We had a large box of kitchen matches on the shelf which we used to light all of the heaters and the burners on the stove top. The matches were long so that you could keep you hand back and when the fire ignited you wouldn’t get burned. This box was the perfect size for the burial so we took the matches out and wrapped the baby in the wash rag and placed him or her in the matchbox coffin. Then the procession, the four of us, Sharon, our two brothers ages 3 & 6 and I, went into the back yard where I dug a hole beside a rock. We placed the matchbox inside and my sister said another prayer., something like, "Oh, God, please help our mother and tell this little baby of our love. In Jesus name, Amen!” We cried and then we went back inside.

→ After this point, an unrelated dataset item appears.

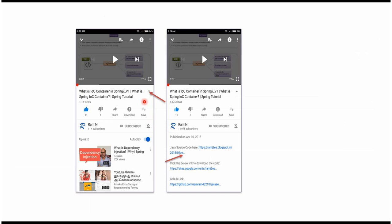You can get the Java source code link from the description of the video. On mobile, to see the description, click on this icon — it will expand like this, and here you can see the description. It contains the Java source code links. Click on these links to get the Java source code.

Looking back I realized that the instance of finding this tiny baby had been such a shock it had relieved the anxiety of the earlier jolt. But now, our hearts were once again fully focused on our mother and the full heaviness of waiting began again. It had been about an hour and a half since our parents left for the emergency room. We went to the living room at the front of the house and the four of us sat there. We wanted to be together and we couldn’t imagine going off by ourselves. My sister reminded us that “no news is good news.” As the hours grew long our brothers fell asleep though they tried not to. We stayed together because we were of one mind, fully in it together. We listened carefully for the car door and we did not turn on the radio for fear we would not hear their arrival. Besides everything else seemed so trivial compared to what we were going through. The quietness was oppressive even intimidating, so every 15 minutes or so I went up the steps to look down the street for car lights. I couldn’t help it. Sitting still seemed to make it worse.
There is a passage in the Bible that says, “They that wait upon the Lord shall renew their strength….” We didn’t think about it at the time but about midnight we heard a car door and we went running up the steps to the street. Our dad said, “She’s ok! She’ll be home tomorrow.” What wonderful words!